Your goal> Go through the entries below from the first line and output each one exactly, up to and including the line with "A legőrültebb rekord: tetőre".

Available records>
----------

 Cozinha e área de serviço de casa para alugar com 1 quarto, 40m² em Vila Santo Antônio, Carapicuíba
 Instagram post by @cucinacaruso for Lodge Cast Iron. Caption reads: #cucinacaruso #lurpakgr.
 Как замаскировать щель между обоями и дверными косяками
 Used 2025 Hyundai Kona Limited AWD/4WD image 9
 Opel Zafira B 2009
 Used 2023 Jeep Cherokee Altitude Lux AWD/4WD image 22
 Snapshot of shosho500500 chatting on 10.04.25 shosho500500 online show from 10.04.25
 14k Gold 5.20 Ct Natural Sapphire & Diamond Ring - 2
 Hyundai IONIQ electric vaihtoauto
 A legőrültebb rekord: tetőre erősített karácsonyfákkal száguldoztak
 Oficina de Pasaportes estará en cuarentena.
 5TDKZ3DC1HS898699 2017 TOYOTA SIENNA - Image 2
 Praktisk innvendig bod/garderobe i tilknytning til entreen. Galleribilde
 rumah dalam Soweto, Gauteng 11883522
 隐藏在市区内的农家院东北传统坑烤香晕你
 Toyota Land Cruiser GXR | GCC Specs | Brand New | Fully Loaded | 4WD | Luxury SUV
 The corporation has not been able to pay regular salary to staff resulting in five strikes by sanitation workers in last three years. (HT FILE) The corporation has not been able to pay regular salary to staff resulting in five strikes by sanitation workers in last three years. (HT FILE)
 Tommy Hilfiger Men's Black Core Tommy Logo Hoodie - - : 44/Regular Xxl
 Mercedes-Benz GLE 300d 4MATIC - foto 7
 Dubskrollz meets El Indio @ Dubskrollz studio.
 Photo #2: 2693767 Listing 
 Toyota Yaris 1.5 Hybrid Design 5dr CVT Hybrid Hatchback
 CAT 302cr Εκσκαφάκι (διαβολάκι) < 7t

----------

Answer box>
 Cozinha e área de serviço de casa para alugar com 1 quarto, 40m² em Vila Santo Antônio, Carapicuíba
 Instagram post by @cucinacaruso for Lodge Cast Iron. Caption reads: #cucinacaruso #lurpakgr.
 Как замаскировать щель между обоями и дверными косяками
 Used 2025 Hyundai Kona Limited AWD/4WD image 9
 Opel Zafira B 2009
 Used 2023 Jeep Cherokee Altitude Lux AWD/4WD image 22
 Snapshot of shosho500500 chatting on 10.04.25 shosho500500 online show from 10.04.25
 14k Gold 5.20 Ct Natural Sapphire & Diamond Ring - 2
 Hyundai IONIQ electric vaihtoauto
 A legőrültebb rekord: tetőre erősített karácsonyfákkal száguldoztak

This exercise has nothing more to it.